# About this task:
Print exactly what appears from the line containing "Incaltaminte Sport Adidas" through the final line of the data below, pictures excluded.

· · · ·

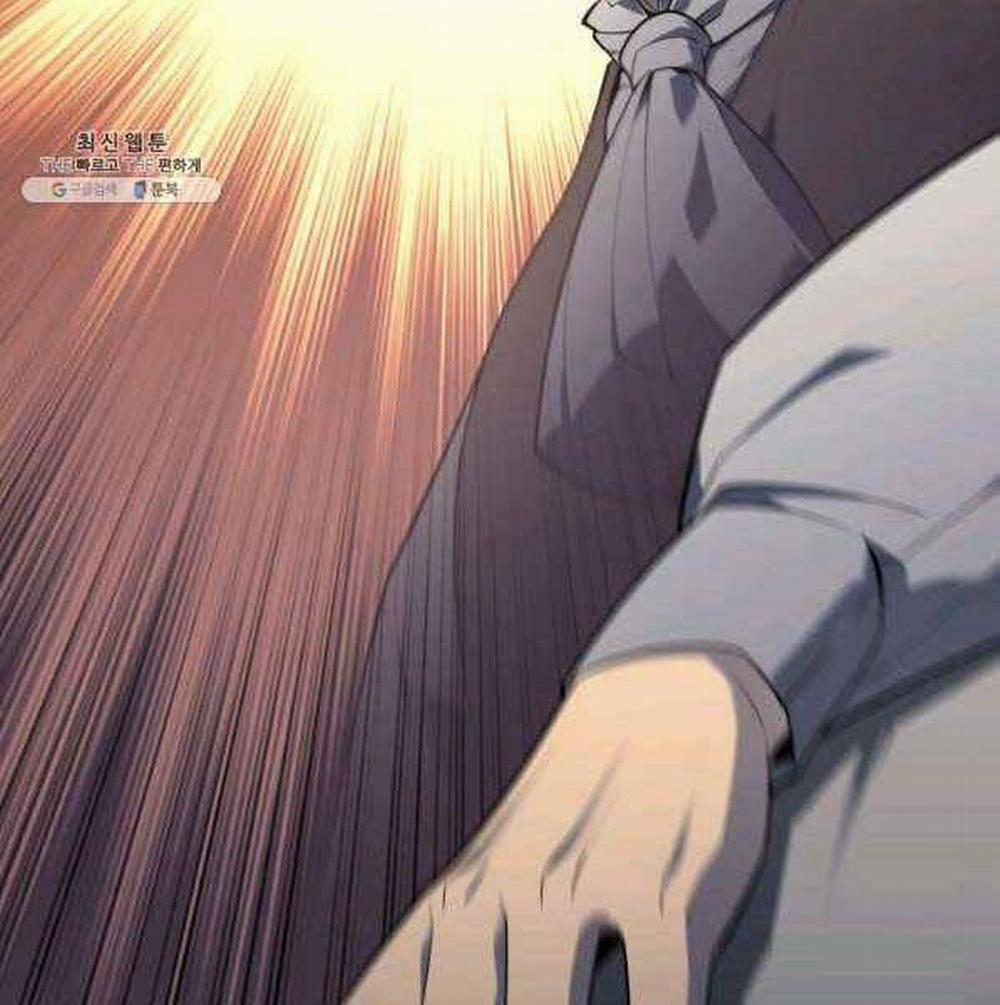 Thợ Rèn Huyền Thoại 140 trang 225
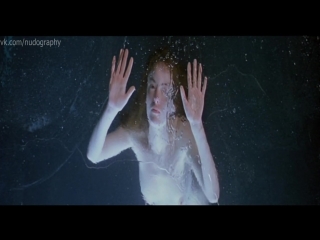 porn паскаль бюссьер pascale bussières голая в фильме когда опускается ночь when night is falling 1995 патриция розема hd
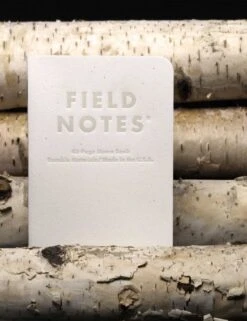 Birch Bark Notebooks - Graph Paper -Fatbuddha Store birch bark notebooks graph paper p36615 123197 medium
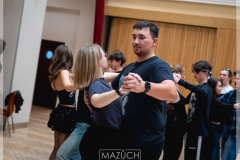 DSC02135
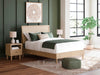 Cielden Bed - Nick's Furniture (IL)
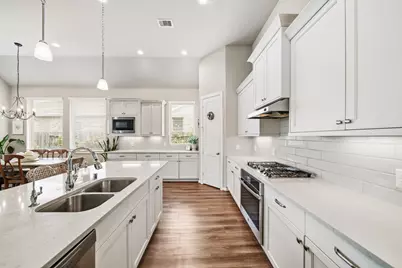 2003 Laurelwood Trail, Missouri City, TX 77459 - Photo 16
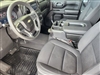 2023 Chevrolet Silverado 2500HD Custom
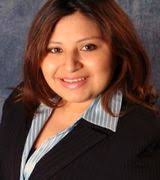 Top Real Estate Agents in Loch Lomond, VA (October 2025)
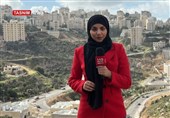 من تقسیم أوسلو إلى واقع الضم فی الضفة الغربیة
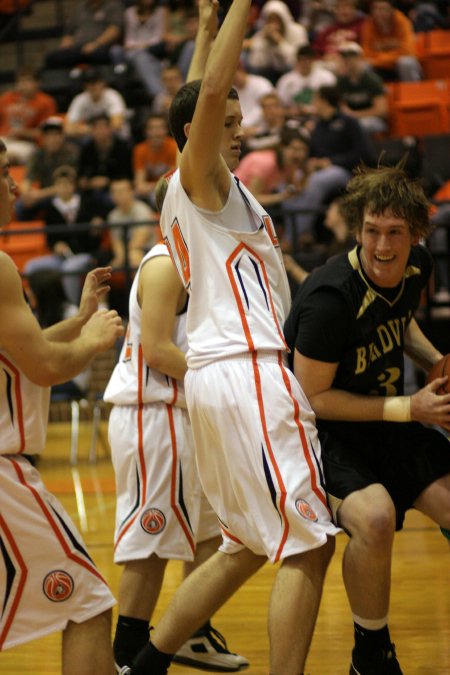 BHS BB vs Aledo 23 Jan 08 116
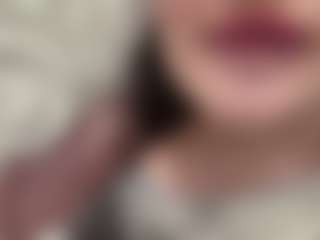 Izzabel's Live Sex Cam Show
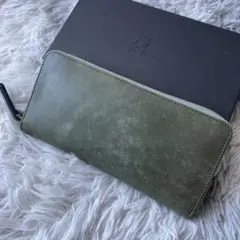 Item thumbnail for item c5ec925a-ae6b-4964-b89b-c2f012e3af5c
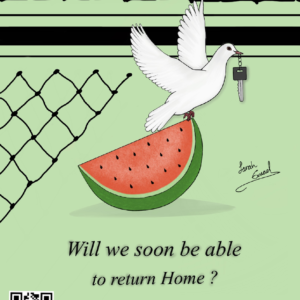 Farah Elbawab @farah_emaad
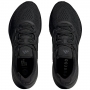 Incaltaminte Sport Adidas Pureboost thumbnav 5
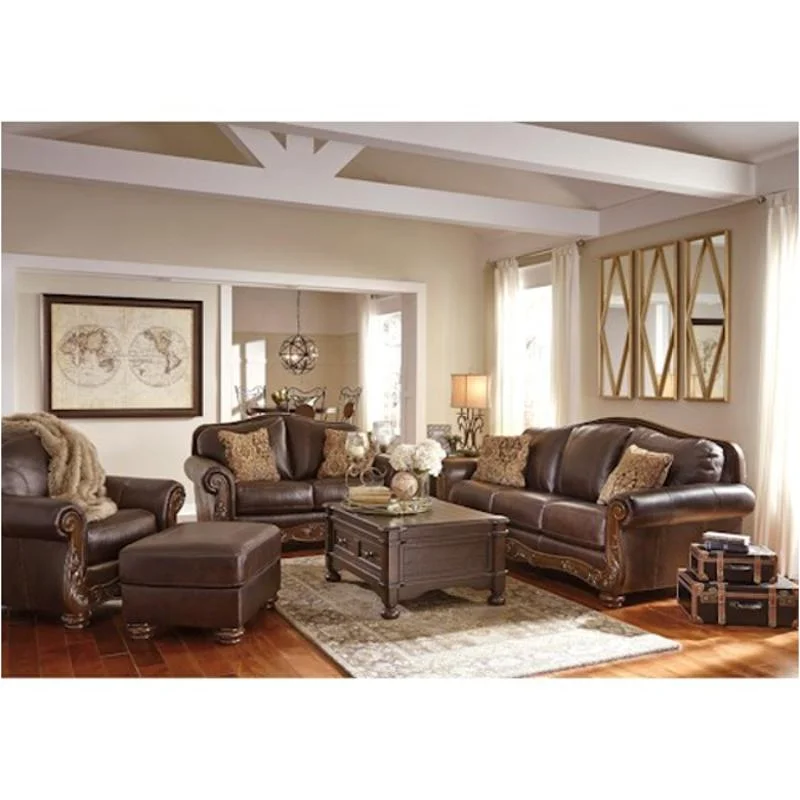 homelivingfurniture20260616213526680083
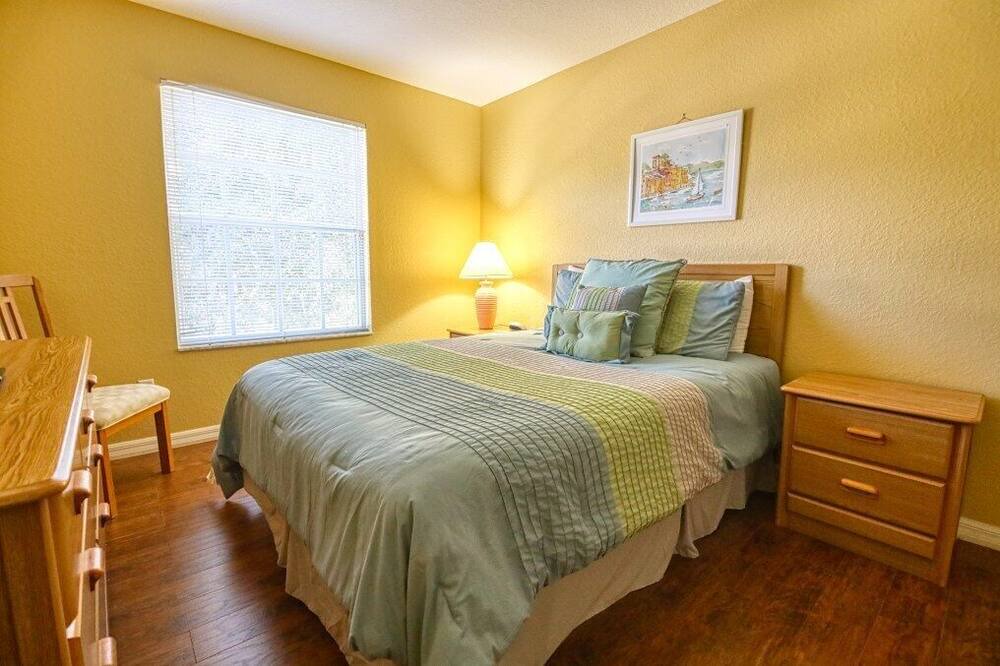 Photo of Others in Pinewood Country Estates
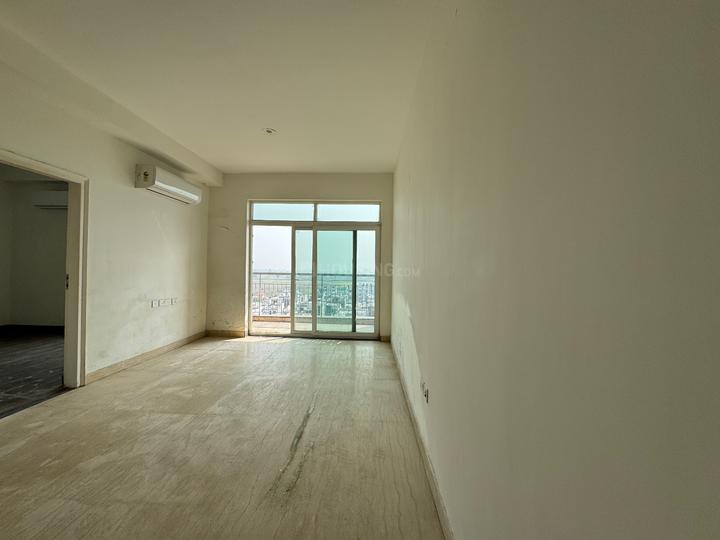 Wave Estate Main Image 1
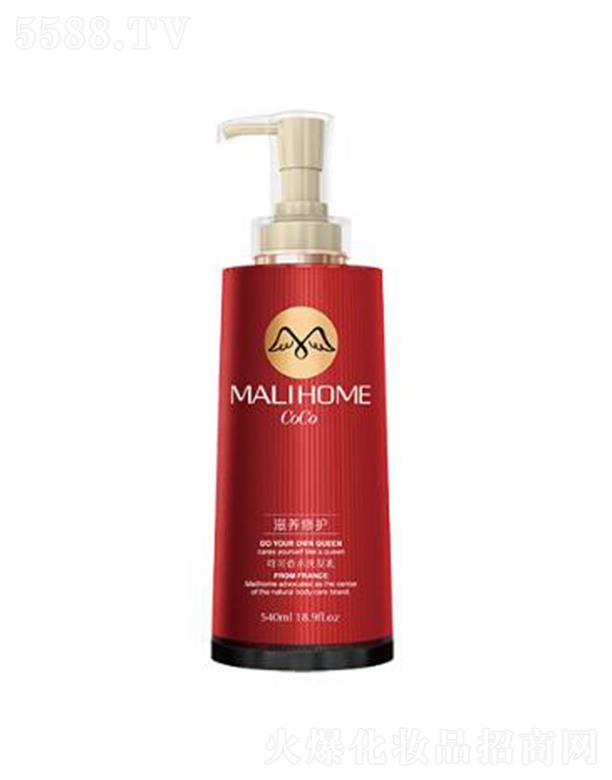 �V������ϲ���yƷ���޹�˾��ħ����ɿ���ˮϴ�l(f��)�飨���B(y��ng)���o��540ml������oȾ�C�l(f��)�z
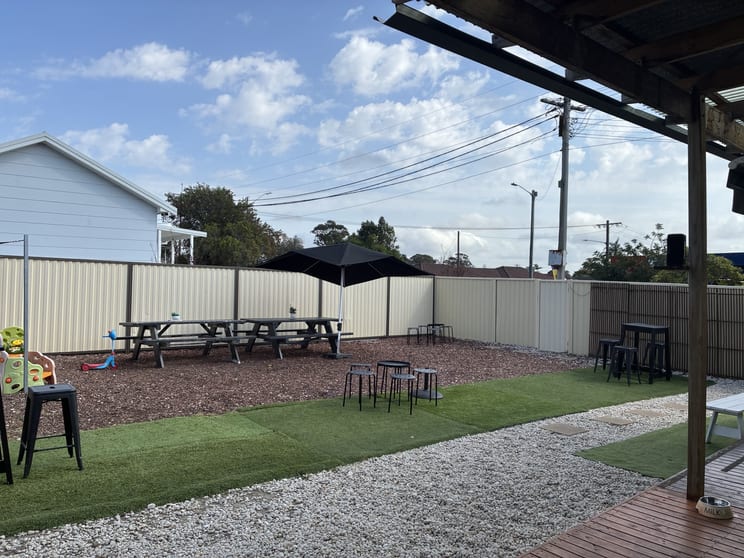 Click to view all images 283-285 Main Road Toukley NSW 2263 - Image 3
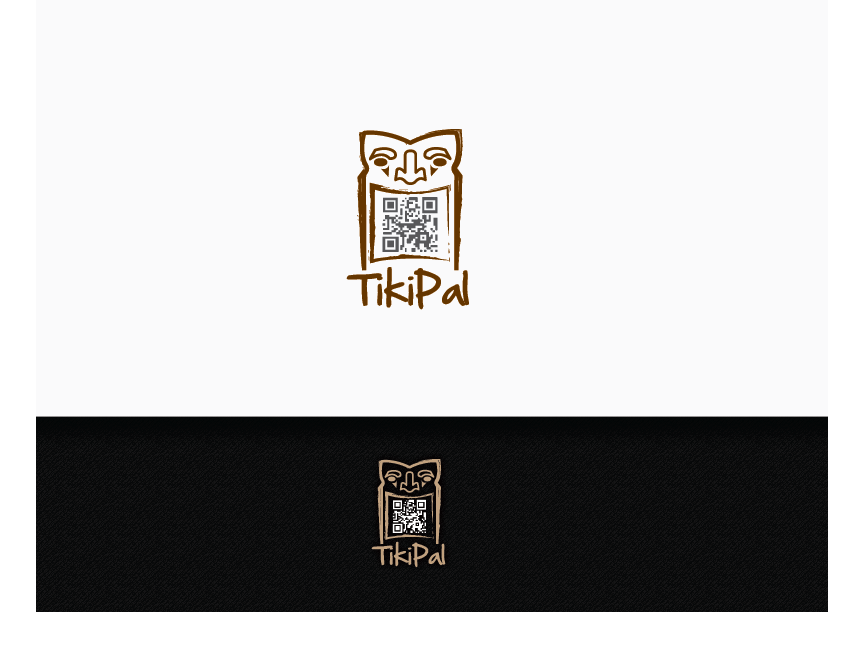 Logo Design by jaime.sp for this project | Design #788986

· · · ·

# Written answer:
 Incaltaminte Sport Adidas Pureboost thumbnav 5
 homelivingfurniture20260616213526680083
 Photo of Others in Pinewood Country Estates
 Wave Estate Main Image 1
 �V������ϲ���yƷ���޹�˾��ħ����ɿ���ˮϴ�l(f��)�飨���B(y��ng)���o��540ml������oȾ�C�l(f��)�z
 Click to view all images 283-285 Main Road Toukley NSW 2263 - Image 3
 Logo Design by jaime.sp for this project | Design #788986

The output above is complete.